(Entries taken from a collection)

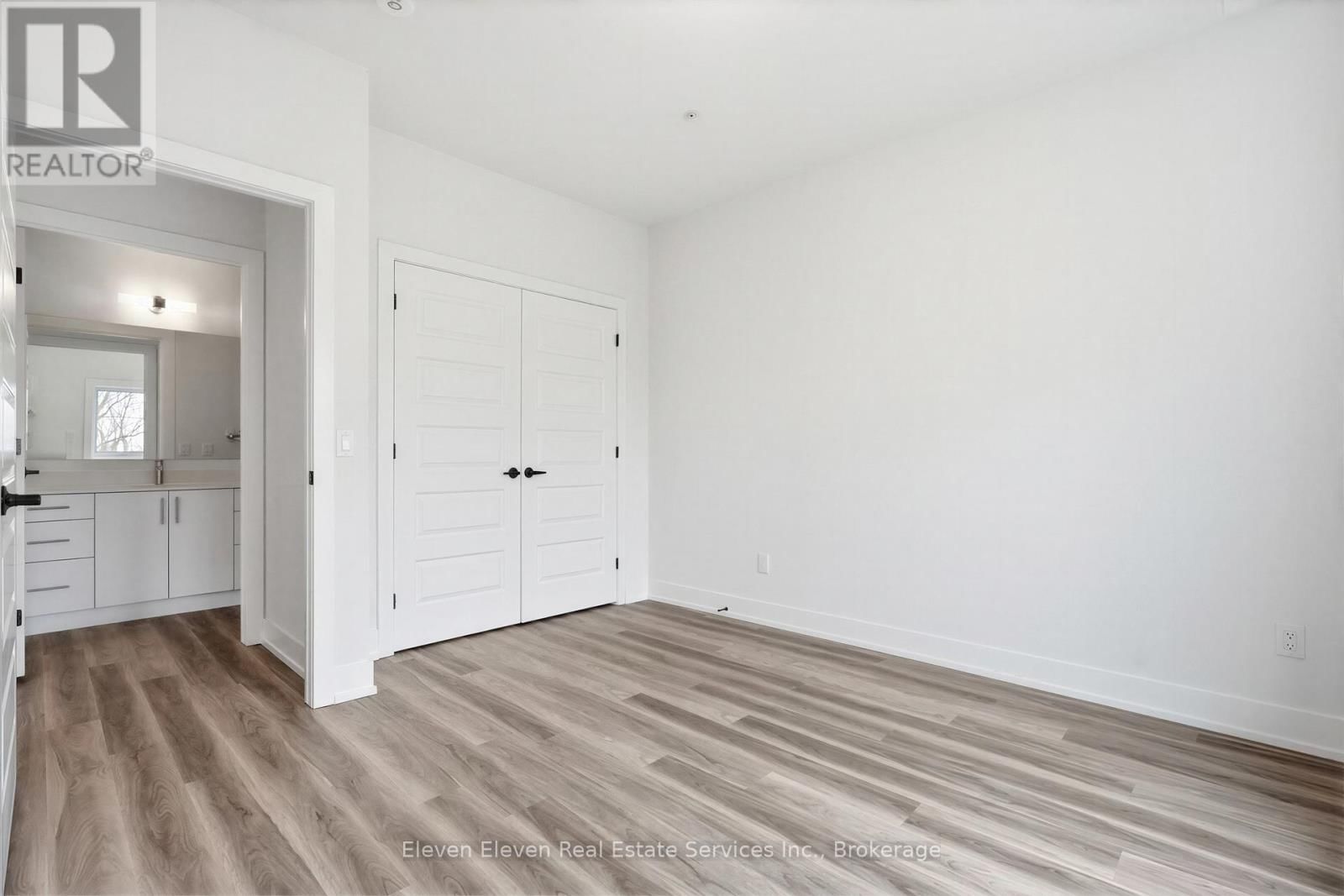 322 - 1100 LACKNER PLACE Image 21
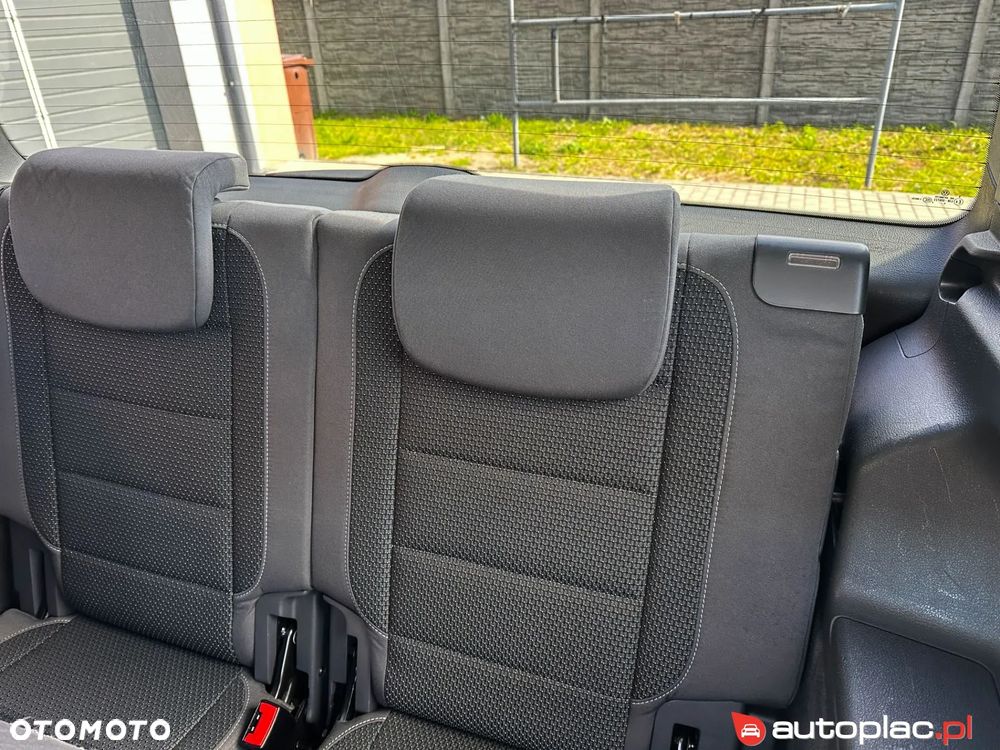 Volkswagen Touran - 24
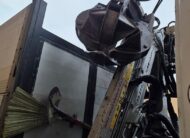 Autocarro Iveco Eurocargo 100E22 bianco con caricatore Icarbazzoli e polipo retrocabina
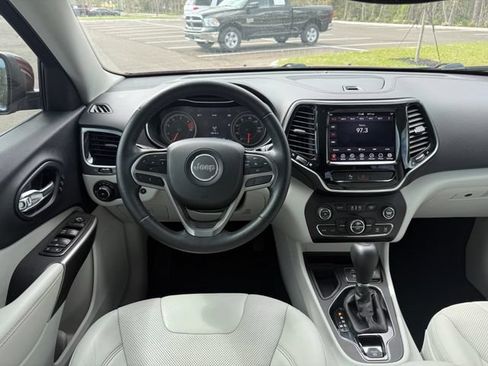 Used 2019 Jeep Cherokee Limited FWD image 5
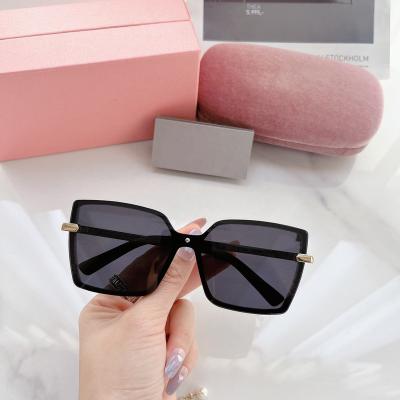 China 2022 High Quality Designer Sunglasses 5100 Fashion Designer Famous Sunglasses Women High Quality Radiation Protection Outdoor Inspiration for sale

TASK BRIEF
Reproduce exactly, with nothing added, the lines from the line with "Used 2019 Jeep Cherokee Limited FWD image 5" through the end of the entries above; pictures are to be left out.

TASK ANSWER
 Used 2019 Jeep Cherokee Limited FWD image 5
 China 2022 High Quality Designer Sunglasses 5100 Fashion Designer Famous Sunglasses Women High Quality Radiation Protection Outdoor Inspiration for sale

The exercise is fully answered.